- ACTIVITY
Span requested from the data below: the line with "Francisco Puig, Helena" through the line with "The Universe’s Invisible", both included. Give only these lines again, exactly, and leave every picture out.

- DATA TO PROCESS
────────────────

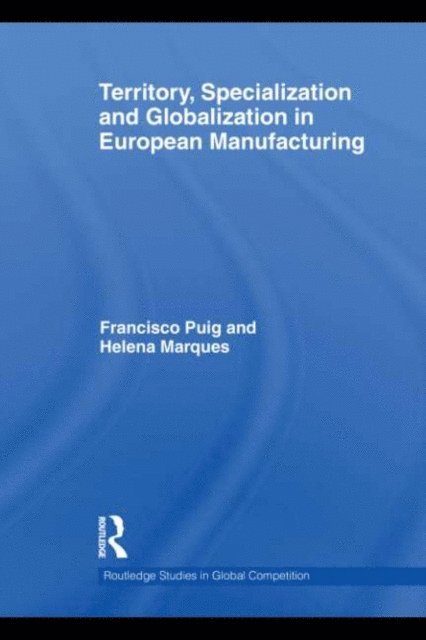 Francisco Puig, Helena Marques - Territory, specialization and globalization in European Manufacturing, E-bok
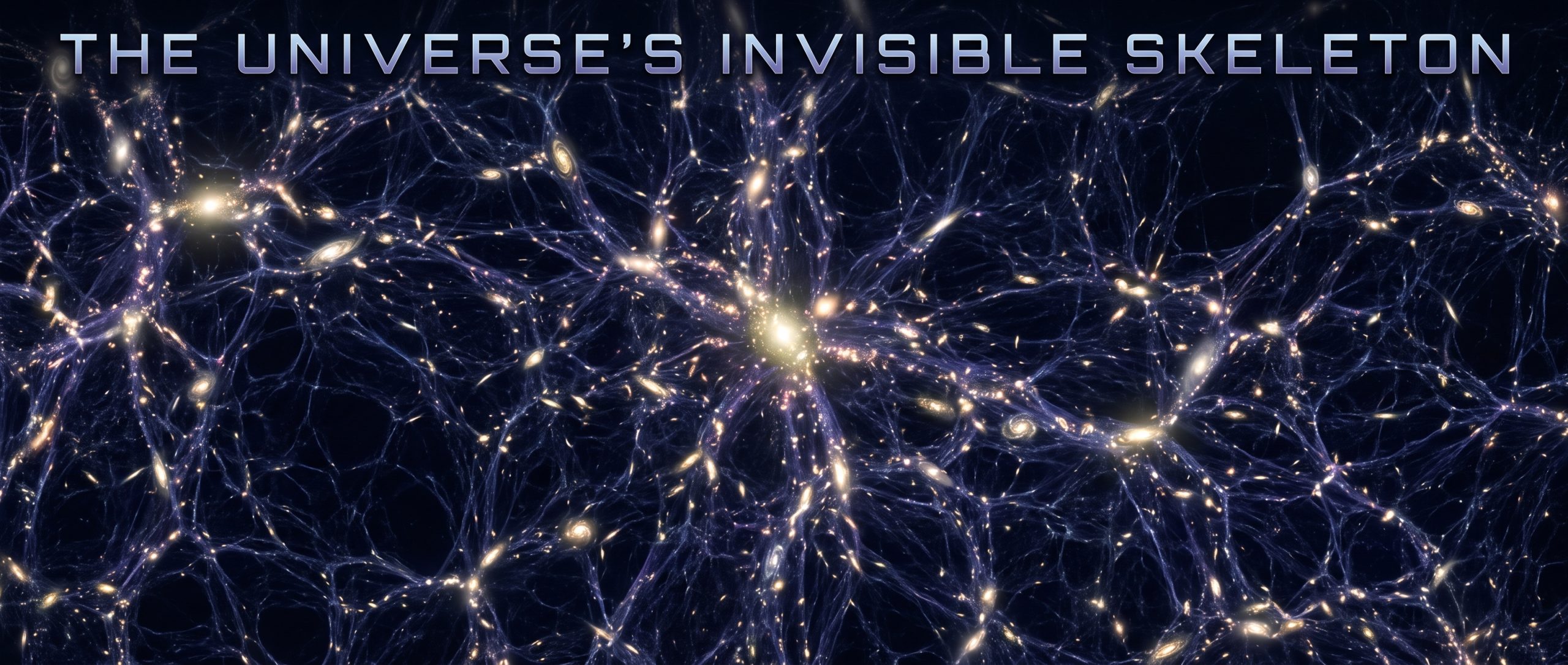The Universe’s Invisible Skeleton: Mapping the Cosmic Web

────────────────

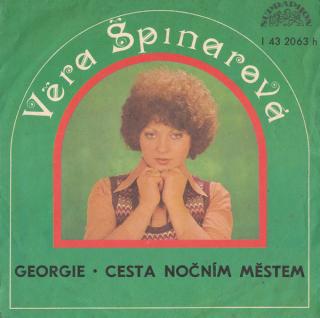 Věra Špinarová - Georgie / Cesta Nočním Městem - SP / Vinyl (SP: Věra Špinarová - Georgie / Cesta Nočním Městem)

────────────────

- ANSWER BOX
 Francisco Puig, Helena Marques - Territory, specialization and globalization in European Manufacturing, E-bok
The Universe’s Invisible Skeleton: Mapping the Cosmic Web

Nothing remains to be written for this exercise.